Monday, 12 July 2010

LAP - Toolchain, Part 3 - The Switch

The next stage in the procedure is to use the programs and libraries that we just installed to rebuild themselves to 100% guarantee that nothing from the host system has contaminated the installation.  We need to tell the software we have just installed to use itself now, and not anything on the host machine.  To achieve this we run the following commands:
SPECS=`dirname $($LFS_TGT-gcc -print-libgcc-file-name)`/specs
$LFS_TGT-gcc -dumpspecs | sed -e 's@/lib\(64\)\?/ld@/tools&@g' -e "/^\*cpp:$/{n;s,$, -isystem /tools/include,}" > $SPECS 
echo "New specs file is: $SPECS"
unset SPECS

I have literally no idea what a SPECS is, but I suspect it has nothing to do with lenses.  You can see in there some mention of 'tools' which is I guess what we are trying to achieve.  The 'echo' command produces this result:

New specs file is: /media/lfs/tools/bin/../lib/gcc/i686-lfs-linux-gnu/4.4.3/specs

Which sounds promising.  As suggested by the book I visually inspected that file.  It made my head hurt, and I could briefly only see in the colour magenta.  So I stopped looking at it.

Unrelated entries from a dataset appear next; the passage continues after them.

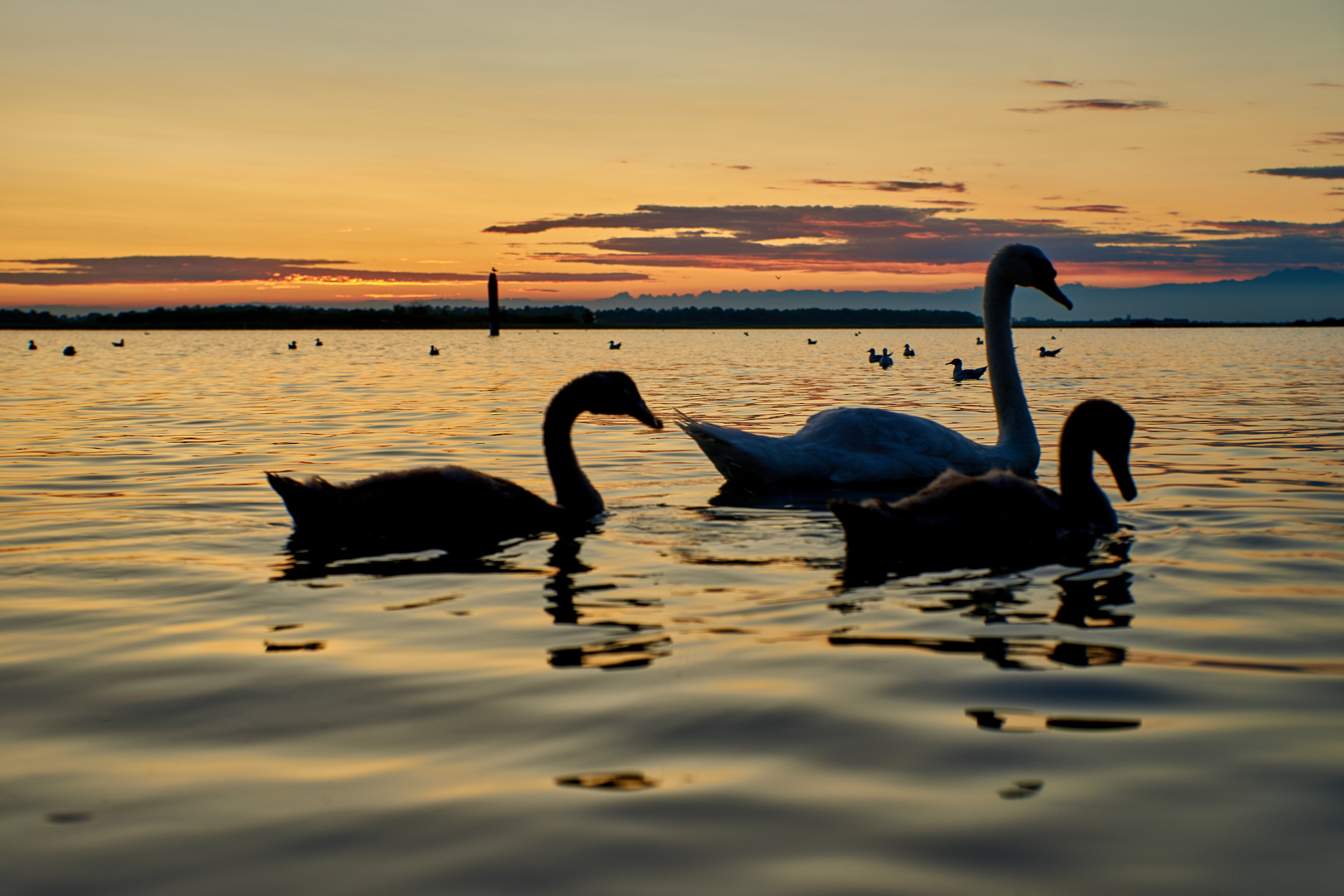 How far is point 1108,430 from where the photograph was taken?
27.2 ft

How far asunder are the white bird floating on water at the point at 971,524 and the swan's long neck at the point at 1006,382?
10.1 ft

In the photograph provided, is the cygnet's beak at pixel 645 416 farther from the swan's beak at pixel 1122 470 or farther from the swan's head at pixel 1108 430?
the swan's beak at pixel 1122 470

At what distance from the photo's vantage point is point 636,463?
13836 mm

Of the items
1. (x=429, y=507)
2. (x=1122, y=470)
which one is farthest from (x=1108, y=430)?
(x=429, y=507)

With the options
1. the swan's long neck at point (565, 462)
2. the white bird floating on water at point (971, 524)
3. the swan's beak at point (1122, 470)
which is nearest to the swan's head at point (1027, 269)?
the swan's beak at point (1122, 470)

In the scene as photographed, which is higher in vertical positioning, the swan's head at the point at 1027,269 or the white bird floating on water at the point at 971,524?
the swan's head at the point at 1027,269

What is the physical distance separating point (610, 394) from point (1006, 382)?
454 cm

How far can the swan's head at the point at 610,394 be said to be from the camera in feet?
30.8

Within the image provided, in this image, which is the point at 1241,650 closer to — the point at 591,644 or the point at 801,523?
the point at 591,644

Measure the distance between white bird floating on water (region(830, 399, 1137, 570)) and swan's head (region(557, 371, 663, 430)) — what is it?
2605 millimetres

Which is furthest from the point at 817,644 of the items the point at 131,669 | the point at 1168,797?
the point at 131,669

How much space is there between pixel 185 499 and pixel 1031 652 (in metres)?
8.15

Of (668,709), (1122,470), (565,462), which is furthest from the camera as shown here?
(565,462)

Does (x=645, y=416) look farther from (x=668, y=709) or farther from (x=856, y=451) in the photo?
(x=668, y=709) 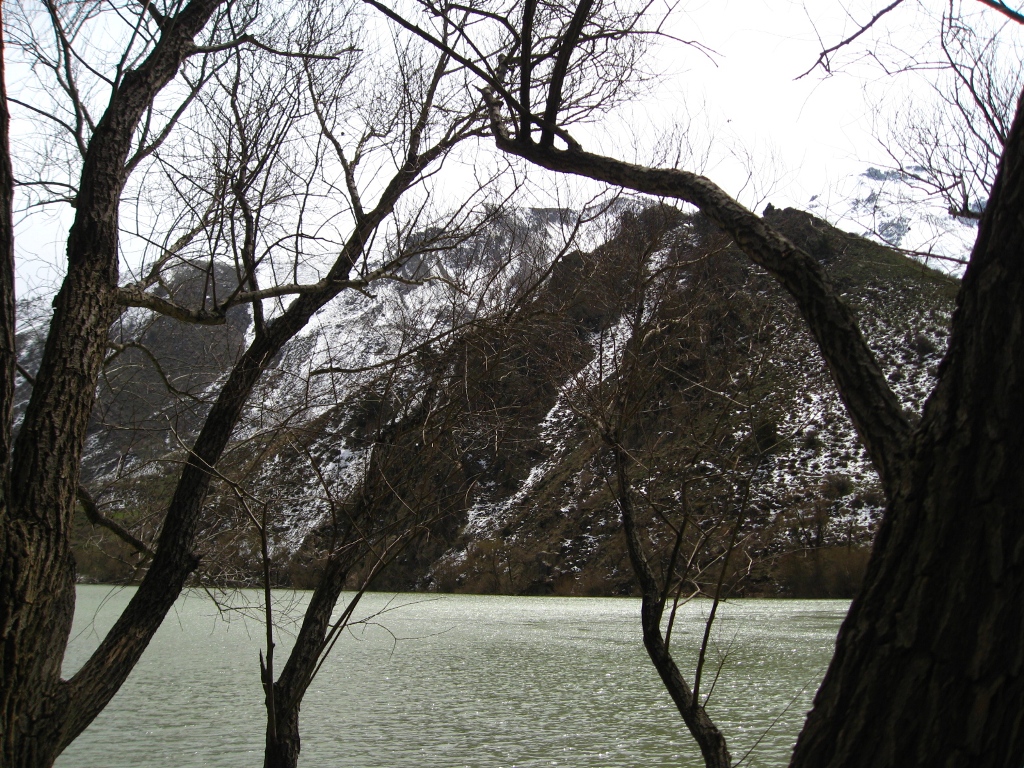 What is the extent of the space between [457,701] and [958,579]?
31.2 feet

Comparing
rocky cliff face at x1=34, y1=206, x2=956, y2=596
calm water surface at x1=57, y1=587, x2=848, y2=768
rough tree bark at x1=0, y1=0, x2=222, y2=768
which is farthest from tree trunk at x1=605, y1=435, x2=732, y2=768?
rough tree bark at x1=0, y1=0, x2=222, y2=768

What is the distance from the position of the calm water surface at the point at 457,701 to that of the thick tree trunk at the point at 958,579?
8.78 ft

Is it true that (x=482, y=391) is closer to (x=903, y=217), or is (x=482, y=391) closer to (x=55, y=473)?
(x=55, y=473)

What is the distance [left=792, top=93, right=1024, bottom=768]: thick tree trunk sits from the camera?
0.96 meters

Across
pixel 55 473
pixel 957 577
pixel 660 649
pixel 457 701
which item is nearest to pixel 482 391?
pixel 660 649

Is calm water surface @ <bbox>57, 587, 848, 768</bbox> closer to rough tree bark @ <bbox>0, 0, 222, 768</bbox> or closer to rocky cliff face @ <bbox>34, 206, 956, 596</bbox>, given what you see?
rocky cliff face @ <bbox>34, 206, 956, 596</bbox>

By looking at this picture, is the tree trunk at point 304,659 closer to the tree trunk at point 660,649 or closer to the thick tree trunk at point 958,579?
the tree trunk at point 660,649

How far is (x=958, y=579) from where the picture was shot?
3.24 feet

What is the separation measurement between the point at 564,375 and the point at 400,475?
89 centimetres

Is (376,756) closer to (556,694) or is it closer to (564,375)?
(556,694)

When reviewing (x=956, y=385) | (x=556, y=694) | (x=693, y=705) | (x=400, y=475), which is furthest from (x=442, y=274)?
(x=556, y=694)

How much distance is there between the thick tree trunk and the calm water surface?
105 inches

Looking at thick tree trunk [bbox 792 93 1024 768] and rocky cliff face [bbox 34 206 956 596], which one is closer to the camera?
thick tree trunk [bbox 792 93 1024 768]

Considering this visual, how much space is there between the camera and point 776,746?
7695 mm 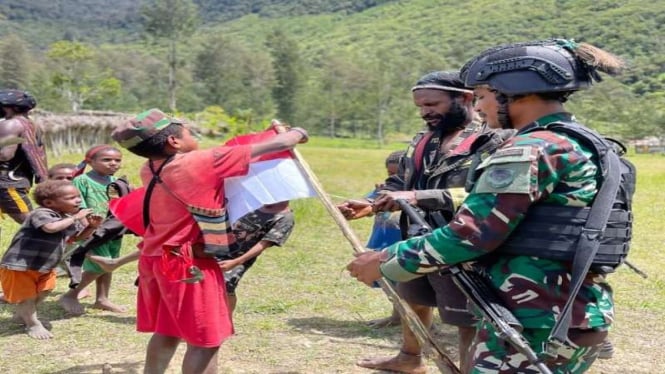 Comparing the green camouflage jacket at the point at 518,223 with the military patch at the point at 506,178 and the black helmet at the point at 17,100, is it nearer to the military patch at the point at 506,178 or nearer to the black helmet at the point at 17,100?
the military patch at the point at 506,178

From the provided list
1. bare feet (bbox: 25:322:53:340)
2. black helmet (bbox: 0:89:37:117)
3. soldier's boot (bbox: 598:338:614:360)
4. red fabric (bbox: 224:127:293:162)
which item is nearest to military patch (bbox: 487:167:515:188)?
red fabric (bbox: 224:127:293:162)

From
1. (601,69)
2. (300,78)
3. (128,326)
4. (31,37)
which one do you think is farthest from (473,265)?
(31,37)

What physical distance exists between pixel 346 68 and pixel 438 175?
6986 cm

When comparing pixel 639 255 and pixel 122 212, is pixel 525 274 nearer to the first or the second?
pixel 122 212

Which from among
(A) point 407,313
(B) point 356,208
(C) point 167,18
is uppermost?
(B) point 356,208

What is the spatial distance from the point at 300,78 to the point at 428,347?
63.7 m

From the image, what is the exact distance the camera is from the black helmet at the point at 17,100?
20.2 ft

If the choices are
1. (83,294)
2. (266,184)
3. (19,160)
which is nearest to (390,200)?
(266,184)

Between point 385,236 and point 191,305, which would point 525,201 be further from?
point 385,236

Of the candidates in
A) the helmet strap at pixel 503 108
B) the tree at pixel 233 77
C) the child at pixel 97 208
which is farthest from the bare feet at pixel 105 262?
the tree at pixel 233 77

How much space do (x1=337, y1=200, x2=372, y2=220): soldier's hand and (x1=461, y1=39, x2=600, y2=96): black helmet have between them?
4.55ft

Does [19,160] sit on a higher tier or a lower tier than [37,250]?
higher

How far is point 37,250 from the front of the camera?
505 centimetres

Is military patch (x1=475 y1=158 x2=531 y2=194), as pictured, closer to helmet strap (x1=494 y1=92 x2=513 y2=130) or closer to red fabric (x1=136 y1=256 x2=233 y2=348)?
helmet strap (x1=494 y1=92 x2=513 y2=130) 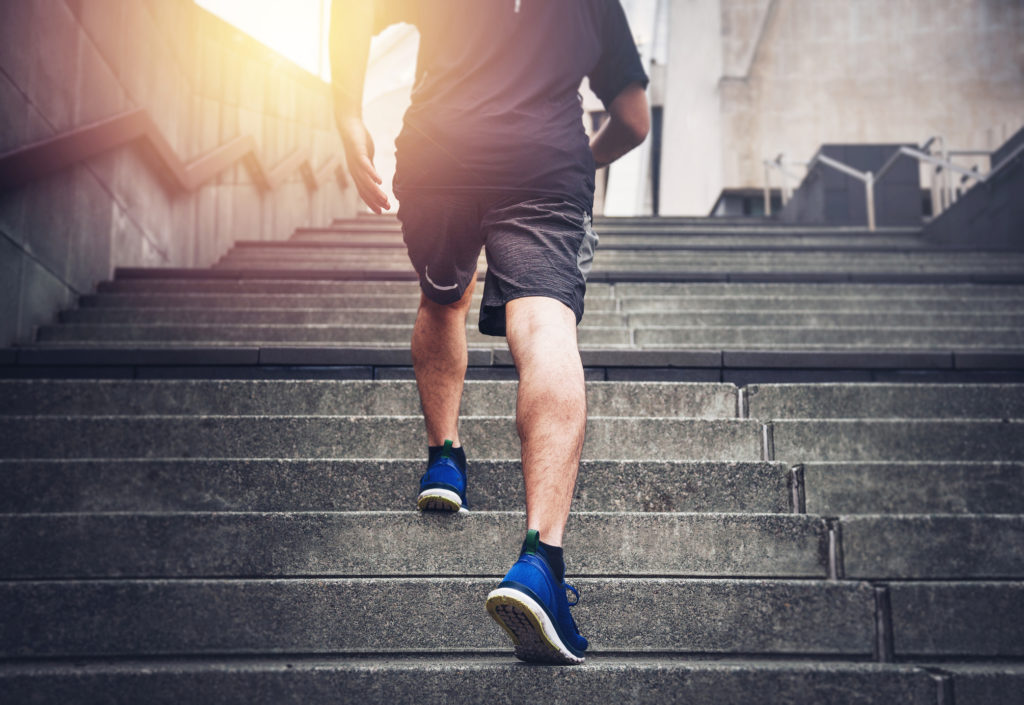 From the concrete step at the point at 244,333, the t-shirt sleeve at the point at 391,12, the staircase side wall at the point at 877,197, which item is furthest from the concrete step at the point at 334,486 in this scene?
the staircase side wall at the point at 877,197

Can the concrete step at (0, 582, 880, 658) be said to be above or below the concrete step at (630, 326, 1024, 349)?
below

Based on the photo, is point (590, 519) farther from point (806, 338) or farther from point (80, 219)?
point (80, 219)

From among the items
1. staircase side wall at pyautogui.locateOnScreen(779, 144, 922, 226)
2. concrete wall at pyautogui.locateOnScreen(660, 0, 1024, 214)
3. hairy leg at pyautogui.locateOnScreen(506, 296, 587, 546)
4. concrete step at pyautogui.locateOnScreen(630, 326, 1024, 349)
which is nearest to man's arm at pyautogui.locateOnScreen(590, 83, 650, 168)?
hairy leg at pyautogui.locateOnScreen(506, 296, 587, 546)

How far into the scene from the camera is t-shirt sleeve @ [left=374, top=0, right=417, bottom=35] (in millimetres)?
1819

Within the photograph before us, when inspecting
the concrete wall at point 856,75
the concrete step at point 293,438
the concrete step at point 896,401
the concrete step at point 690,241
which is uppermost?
the concrete wall at point 856,75

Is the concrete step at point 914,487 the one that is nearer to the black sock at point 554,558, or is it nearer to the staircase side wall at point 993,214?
the black sock at point 554,558

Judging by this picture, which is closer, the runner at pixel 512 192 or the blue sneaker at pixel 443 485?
the runner at pixel 512 192

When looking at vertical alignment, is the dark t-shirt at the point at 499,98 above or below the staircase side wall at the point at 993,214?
below

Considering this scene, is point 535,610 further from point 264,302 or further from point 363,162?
point 264,302

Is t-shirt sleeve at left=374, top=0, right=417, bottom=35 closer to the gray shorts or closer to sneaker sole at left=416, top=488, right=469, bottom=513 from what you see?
the gray shorts

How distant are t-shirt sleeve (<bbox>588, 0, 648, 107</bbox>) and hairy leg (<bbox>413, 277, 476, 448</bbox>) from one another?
20.9 inches

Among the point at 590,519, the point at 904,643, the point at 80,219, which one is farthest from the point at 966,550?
the point at 80,219

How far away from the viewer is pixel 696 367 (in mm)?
3229

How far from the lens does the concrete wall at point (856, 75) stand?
12961 mm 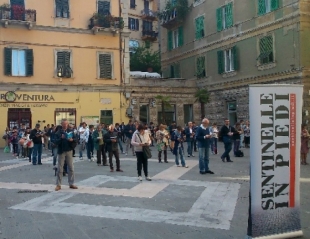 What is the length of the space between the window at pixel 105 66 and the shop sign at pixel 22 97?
393 centimetres

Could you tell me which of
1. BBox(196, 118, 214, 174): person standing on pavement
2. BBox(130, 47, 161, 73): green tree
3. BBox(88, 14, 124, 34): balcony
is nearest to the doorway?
BBox(88, 14, 124, 34): balcony

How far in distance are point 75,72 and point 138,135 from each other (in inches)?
683

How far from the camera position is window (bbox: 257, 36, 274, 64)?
2487cm

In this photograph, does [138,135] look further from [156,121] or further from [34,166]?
[156,121]

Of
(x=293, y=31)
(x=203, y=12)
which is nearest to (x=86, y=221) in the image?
(x=293, y=31)

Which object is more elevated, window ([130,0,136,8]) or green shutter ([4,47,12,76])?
window ([130,0,136,8])

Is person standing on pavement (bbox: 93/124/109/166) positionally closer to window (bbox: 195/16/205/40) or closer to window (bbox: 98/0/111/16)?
window (bbox: 98/0/111/16)

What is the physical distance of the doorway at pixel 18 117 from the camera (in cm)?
2495

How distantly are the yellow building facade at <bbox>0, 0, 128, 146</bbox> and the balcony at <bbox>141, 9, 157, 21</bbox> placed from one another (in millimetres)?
20614

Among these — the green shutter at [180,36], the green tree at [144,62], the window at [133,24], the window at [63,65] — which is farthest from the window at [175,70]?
the window at [133,24]

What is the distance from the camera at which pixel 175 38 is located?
114ft

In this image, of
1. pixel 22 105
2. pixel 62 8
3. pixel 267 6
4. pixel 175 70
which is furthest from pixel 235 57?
pixel 22 105

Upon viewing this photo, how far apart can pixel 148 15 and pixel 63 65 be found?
2470cm

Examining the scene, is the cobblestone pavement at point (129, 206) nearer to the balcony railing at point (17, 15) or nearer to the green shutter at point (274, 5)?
the green shutter at point (274, 5) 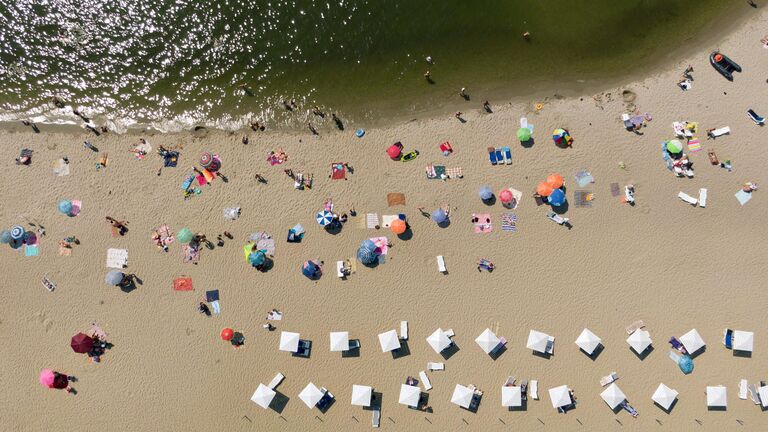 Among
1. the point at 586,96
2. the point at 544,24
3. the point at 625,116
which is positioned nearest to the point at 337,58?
the point at 544,24

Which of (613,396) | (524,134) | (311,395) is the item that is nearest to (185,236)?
(311,395)

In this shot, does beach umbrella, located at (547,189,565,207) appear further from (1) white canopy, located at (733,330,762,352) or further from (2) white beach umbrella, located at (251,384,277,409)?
(2) white beach umbrella, located at (251,384,277,409)

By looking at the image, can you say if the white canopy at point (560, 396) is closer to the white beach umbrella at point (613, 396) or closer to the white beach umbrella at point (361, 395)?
the white beach umbrella at point (613, 396)

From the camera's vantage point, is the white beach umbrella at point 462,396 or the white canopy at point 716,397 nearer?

It is strongly recommended that we try some tests before proceeding.  Well, OK if you insist.

echo 'main(){}' > dummy.c

This command just [echo]s the text in single quotes to the file dummy.c.  The .c extension indicates that the file contains 'C' source code.  Next we compile that code:

$LFS_TGT-gcc -B/tools/lib dummy.c

We know that the $LFS_TGT part of that resolves into i686-lfs-linux-gnu, and if you look in the /tools/bin directory you will find a file called i686-lfs-linux-gnu-gcc, so this command just executes that program.  The [-B] bit adds the following directory to the search path, which means that the gcc gets to use the Glibc libraries we installed.  I think.  So this command means compile the dummy.c program using the Glibc libraries.  The command produces a file called a.out.  We then search that command for references to the /tools directory to make sure it was used:

readelf -l a.out | grep ': /tools'

We should be told that:

[Requesting program interpreter: /tools/lib/ld-linux.so.2]

Which is exactly what we want to see.  Lets get rid of the test files:

rm -v dummy.c a.out

And we now move on to rebuild the tools we just made, this time by using themselves.  It's a bit like the snake eating its tail, but in reverse.